The first file, wordlist.txt
, contains a huge list of words in Chinese, Japanese, and Korean, e.g.:
你
你们
我
The second file, text.txt
, contains long passages, e.g.:
你们要去哪里?
卡拉OK好不好?
I want to create a new word list (wordsfount.txt
), but it should only contain those lines from wordlist.txt
which are found at least once within text.txt
. The output file from the above should show this:
你
你们
"我" is not found in this list because it is never found in text.txt
.
I want to find a very fast way to create this list which only contains lines from the first file that are found in the second.

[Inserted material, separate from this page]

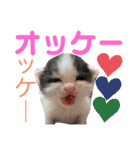 ぽてちゃんの毎日使えるスタンプ(2)（個別スタンプ：7）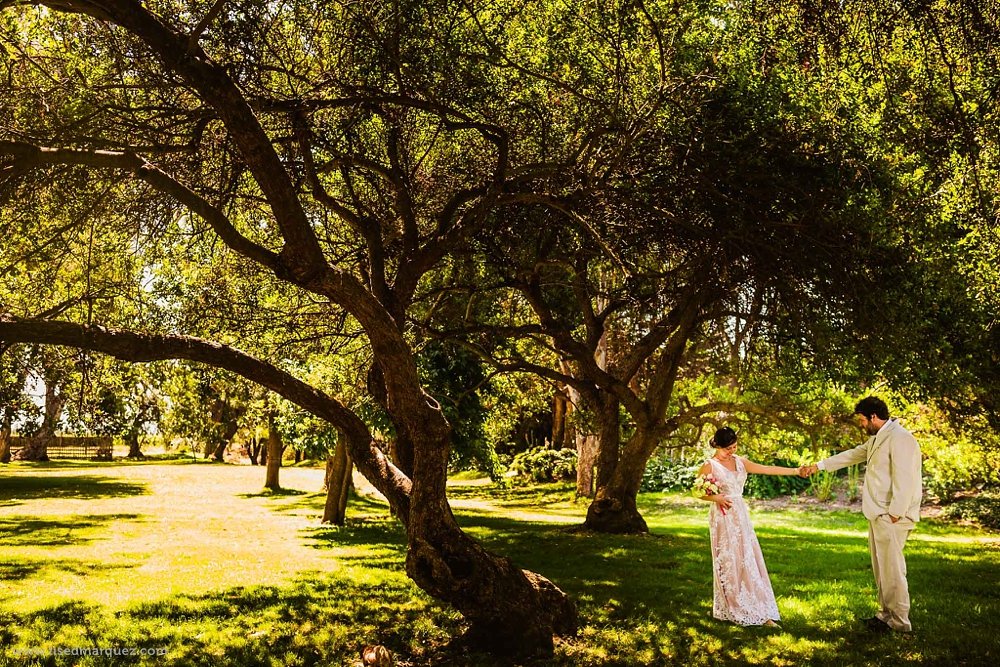 elopment-wedding-vina-emiliana-casa-blanca-chile-franythiago-53.jpg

I know a simple way in BASH to check each line in worlist.txt
and see if it is in text.txt
using grep
:
a=1
while read line
do
c=`grep -c $line text.txt`
if [ "$c" -ge 1 ]
then
echo $line >> wordsfound.txt
echo "Found" $a
fi
echo "Not found" $a
a=`expr $a + 1`
done < wordlist.txt
Unfortunately, as wordlist.txt
is a very long list, this process takes many hours. There must be a faster solution. Here is one consideration:
As the files contain CJK letters, they can be thought of as a giant alphabet with about 8,000 letters. So nearly every word share characters. E.g.:
我
我们
Due to this fact, if "我" is never found within text.txt
, then it is quite logical that "我们" never appears either. A faster script might perhaps check "我" first, and upon finding that it is not present, would avoid checking every subsequent word contained withing wordlist.txt
that also contained within wordlist.txt
. If there are about 8,000 unique characters found in wordlist.txt
, then the script should not need to check so many lines.
What is the fastest way to create the list containing only those words that are in the first file that are also found somewhere within in the second?